**PROBLEM REQUIREMENTS:** When you copy the data that follows, reproduce every word exactly and leave out the images.

**EXERCISE DATA:**

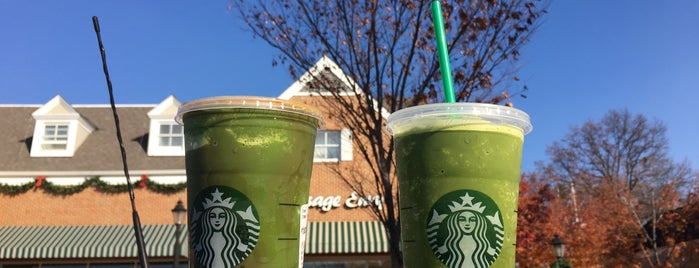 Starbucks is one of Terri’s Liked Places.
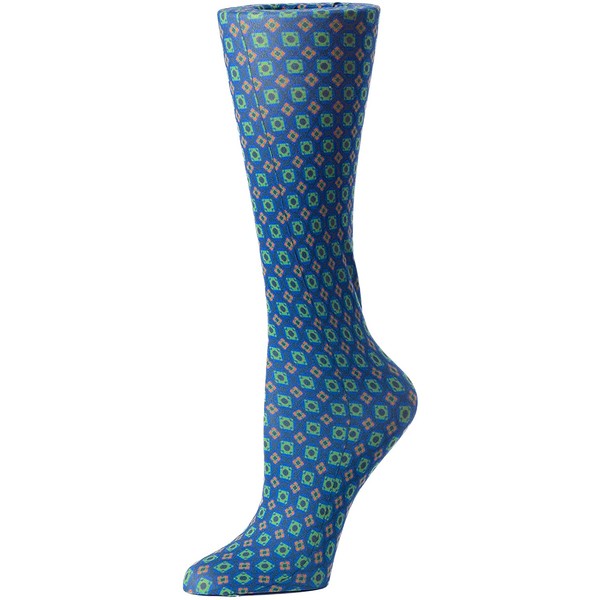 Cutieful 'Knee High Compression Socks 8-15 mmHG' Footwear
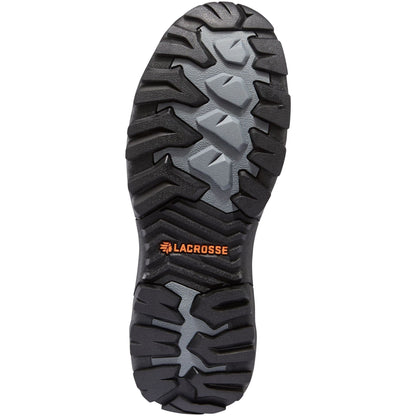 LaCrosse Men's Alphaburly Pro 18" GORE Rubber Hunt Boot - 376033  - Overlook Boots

**RESPONSE TO THE TASK:**
 Starbucks is one of Terri’s Liked Places.
 Cutieful 'Knee High Compression Socks 8-15 mmHG' Footwear
 LaCrosse Men's Alphaburly Pro 18" GORE Rubber Hunt Boot - 376033  - Overlook Boots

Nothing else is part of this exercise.